JORGE BUSTOS-EL MUNDO
De vez en cuando conviene decirle la verdad a la gente, y perdonen ustedes este arranque populista impropio de mí. Pero hoy pujaré por una plaza mediática en la petada convocatoria nacional de tribunos de la plebe. Porque la monumental farsa que empezó con unos ropones lavando en público sus sucias puñetas y acaba con un decretazo sanchista –es decir, sin escrúpulos– en el BOE merece que alguien la desnude, al menos por la vergüenza que puedan pasar, si es que la tienen.
La crisis de las hipotecas no la han resuelto ni la banca ni los jueces ni los diputados de Gobierno o de oposición ni nuestro Kennedy comprado en los chinos, sino una tácita concertación de las voluntades e intereses de todos ellos en las tres semanas que duró la insólita prórroga de la decisión final. Cuando Carlos Lesmes, el abad del convento que decidió cargarse dentro, salió después de poner el huevo de la discordia y emplazó a los diputados –«Las Cortes tienen una magnífica ocasión para clarificar el asunto»–, quedó clara al fin no solo la doctrina hipotecaria del Supremo sino el salomónico enjuague que la había parido. Una típica operación de Estado made in lo peor del 78 por el cual los tres poderes se distribuyen las responsabilidades bajo la atenta mirada del cuarto, que no es la prensa –ay de mí– sino la banca. El Judicial le saca al Ejecutivo las castañas tributarias del fuego electoral a cambio de que el Ejecutivo obligue al Legislativo a convalidar un decreto desinflamatorio que con una mano aparta la retroactividad de las pesadillas bancarias y con la otra relaja el ceño de la gente, oportunamente fruncido por Podemos, que no es sino otro poder del Estado: comparte con la Liga la función vital del desahogo popular. Los bancos recobran la salud bursátil, los tribunales esquivan la amenaza de colapso, los barones siguen repartiendo viruta preelectoral y el presidente se hace un selfi con arco y calzas verdes en el bosque de Sherwood. Todos contentos.

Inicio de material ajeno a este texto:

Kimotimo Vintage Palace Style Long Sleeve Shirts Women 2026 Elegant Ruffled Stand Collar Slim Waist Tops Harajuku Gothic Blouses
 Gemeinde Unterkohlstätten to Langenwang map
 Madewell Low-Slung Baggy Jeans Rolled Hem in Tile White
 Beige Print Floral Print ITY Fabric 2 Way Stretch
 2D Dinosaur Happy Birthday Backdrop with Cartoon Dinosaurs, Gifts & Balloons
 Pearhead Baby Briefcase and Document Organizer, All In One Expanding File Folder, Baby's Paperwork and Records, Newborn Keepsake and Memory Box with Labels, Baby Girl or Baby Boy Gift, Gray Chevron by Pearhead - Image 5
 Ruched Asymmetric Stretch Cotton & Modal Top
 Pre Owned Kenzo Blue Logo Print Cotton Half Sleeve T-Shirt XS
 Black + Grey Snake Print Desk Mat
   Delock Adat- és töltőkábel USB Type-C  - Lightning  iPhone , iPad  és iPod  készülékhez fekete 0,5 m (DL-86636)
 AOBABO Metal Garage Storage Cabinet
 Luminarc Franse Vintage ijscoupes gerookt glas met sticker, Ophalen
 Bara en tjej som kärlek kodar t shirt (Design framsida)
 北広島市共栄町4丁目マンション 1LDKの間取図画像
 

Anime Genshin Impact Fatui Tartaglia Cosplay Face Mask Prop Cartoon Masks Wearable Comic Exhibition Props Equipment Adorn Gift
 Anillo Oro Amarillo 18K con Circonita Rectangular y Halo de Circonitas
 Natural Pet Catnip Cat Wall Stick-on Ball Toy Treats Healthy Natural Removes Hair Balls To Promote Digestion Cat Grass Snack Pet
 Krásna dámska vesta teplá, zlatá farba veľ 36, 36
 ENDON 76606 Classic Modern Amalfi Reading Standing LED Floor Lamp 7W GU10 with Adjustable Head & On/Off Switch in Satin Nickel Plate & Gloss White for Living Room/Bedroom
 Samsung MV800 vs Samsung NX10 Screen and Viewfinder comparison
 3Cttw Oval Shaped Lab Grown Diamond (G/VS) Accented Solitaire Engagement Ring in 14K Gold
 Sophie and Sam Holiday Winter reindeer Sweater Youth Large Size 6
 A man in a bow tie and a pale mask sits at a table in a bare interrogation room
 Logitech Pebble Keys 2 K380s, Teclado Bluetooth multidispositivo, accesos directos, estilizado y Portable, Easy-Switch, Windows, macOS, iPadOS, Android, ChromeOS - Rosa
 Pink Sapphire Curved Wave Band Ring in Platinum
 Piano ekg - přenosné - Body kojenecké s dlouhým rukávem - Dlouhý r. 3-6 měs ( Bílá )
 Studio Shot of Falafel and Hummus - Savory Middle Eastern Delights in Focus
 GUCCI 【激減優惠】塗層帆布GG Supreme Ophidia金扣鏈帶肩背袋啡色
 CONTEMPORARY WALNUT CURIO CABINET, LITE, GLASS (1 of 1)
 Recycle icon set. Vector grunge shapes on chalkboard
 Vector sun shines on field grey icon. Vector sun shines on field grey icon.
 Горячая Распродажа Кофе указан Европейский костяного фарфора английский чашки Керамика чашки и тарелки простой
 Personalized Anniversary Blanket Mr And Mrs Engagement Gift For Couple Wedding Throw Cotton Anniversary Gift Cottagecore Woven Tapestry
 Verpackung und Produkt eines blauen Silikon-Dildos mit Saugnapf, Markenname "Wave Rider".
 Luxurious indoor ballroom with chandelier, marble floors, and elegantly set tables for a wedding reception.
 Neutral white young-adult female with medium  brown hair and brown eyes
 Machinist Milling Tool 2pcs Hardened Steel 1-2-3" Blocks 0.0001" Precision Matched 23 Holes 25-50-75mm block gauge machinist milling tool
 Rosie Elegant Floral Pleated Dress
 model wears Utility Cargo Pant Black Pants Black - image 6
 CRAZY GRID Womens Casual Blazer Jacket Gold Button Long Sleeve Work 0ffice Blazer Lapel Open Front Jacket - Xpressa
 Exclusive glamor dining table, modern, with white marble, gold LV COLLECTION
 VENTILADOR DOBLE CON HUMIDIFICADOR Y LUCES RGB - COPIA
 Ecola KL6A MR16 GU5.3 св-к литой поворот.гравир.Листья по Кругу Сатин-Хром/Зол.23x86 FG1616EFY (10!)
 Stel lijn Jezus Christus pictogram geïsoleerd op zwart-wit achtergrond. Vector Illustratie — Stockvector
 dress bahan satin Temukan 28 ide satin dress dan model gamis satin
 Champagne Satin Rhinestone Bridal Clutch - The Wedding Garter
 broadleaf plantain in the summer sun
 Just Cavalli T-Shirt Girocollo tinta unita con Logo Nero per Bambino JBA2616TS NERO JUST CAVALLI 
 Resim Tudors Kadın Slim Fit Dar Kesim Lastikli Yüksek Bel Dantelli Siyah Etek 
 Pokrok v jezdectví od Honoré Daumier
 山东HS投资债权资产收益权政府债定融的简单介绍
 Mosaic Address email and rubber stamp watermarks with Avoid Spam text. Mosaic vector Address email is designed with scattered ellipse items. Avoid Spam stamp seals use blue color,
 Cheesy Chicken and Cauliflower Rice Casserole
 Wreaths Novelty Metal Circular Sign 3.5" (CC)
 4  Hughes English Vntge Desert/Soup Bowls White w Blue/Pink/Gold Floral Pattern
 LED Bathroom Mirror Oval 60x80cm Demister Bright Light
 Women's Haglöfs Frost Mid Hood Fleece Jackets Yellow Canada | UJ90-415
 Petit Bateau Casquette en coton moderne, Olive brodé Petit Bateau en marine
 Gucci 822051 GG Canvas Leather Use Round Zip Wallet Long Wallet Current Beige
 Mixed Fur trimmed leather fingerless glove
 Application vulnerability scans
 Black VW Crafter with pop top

¿Todos? Aparte de Montesquieu, al españolito que llevaba días reservando mentalmente unos miles de euros para el dentista de la niña se le ha quedado cara de Lopetegui. Tenía derecho a practicar el cuento de la lechera porque su más alto tribunal se lo había concedido. Y cuando alguna oscura inteligencia calculó los efectos y dio la alerta, el Estado activó el control de daños. Ojo, reconozco que el arbitrario remedio quizá haya sido mejor que el seguro quilombo. Ojalá el Brexit pudiera arreglarse así. El problema es que algunos tenemos que seguir defendiendo la democracia española contra quienes gritan a diario que ni es democracia ni son españoles. Y no nos lo ponen fácil. Por eso a veces tenemos que parecer populistas para que no nos tomen por gilipollas.